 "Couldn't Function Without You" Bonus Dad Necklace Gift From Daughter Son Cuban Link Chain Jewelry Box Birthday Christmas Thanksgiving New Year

====================

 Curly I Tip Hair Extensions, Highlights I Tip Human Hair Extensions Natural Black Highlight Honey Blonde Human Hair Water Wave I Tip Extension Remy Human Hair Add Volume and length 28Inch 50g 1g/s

====================

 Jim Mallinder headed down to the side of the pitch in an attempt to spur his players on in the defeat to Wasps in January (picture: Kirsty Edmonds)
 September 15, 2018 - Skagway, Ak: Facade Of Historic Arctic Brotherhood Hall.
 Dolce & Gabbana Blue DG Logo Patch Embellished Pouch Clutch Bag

====================

YOUR TASK — What is needed is an exact copy of the lines above, from the one containing "Jim Mallinder headed" through the one containing "September 15, 2018", with nothing added.

SOLUTION TO THIS PROBLEM —
 Jim Mallinder headed down to the side of the pitch in an attempt to spur his players on in the defeat to Wasps in January (picture: Kirsty Edmonds)
 September 15, 2018 - Skagway, Ak: Facade Of Historic Arctic Brotherhood Hall.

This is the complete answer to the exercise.